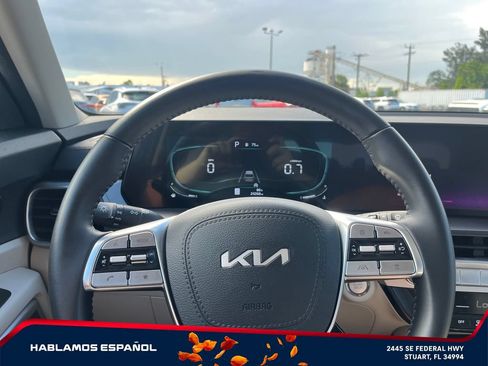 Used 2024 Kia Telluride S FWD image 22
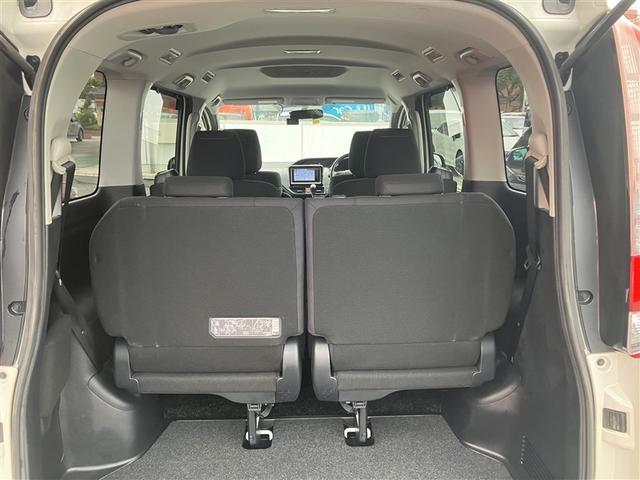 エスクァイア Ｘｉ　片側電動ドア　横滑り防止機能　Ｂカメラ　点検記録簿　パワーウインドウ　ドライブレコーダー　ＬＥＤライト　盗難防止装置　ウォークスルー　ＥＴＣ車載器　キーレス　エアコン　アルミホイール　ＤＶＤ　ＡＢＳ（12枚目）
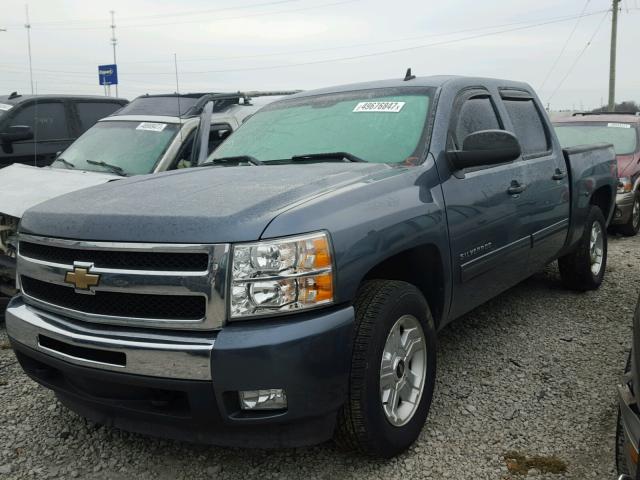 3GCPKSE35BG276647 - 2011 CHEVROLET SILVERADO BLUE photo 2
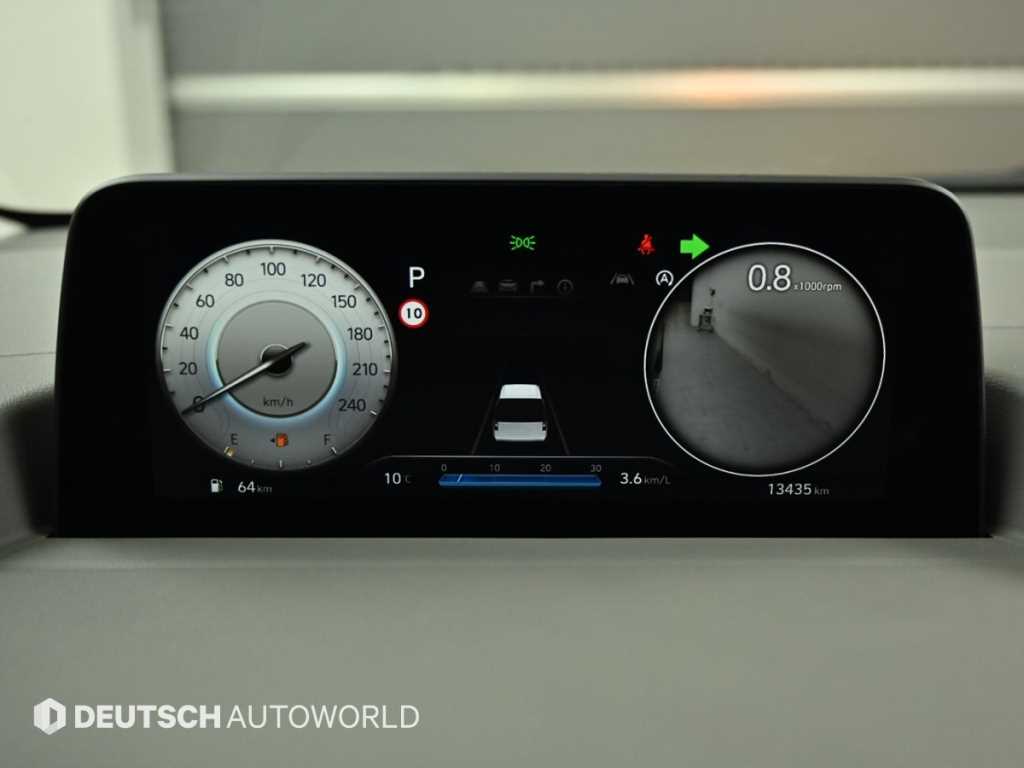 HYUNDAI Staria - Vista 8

# [The task]
What is needed here is an exact transcript of the data above, pictures excluded.

# [Expected answer]
 Used 2024 Kia Telluride S FWD image 22
 エスクァイア Ｘｉ　片側電動ドア　横滑り防止機能　Ｂカメラ　点検記録簿　パワーウインドウ　ドライブレコーダー　ＬＥＤライト　盗難防止装置　ウォークスルー　ＥＴＣ車載器　キーレス　エアコン　アルミホイール　ＤＶＤ　ＡＢＳ（12枚目）
 3GCPKSE35BG276647 - 2011 CHEVROLET SILVERADO BLUE photo 2
 HYUNDAI Staria - Vista 8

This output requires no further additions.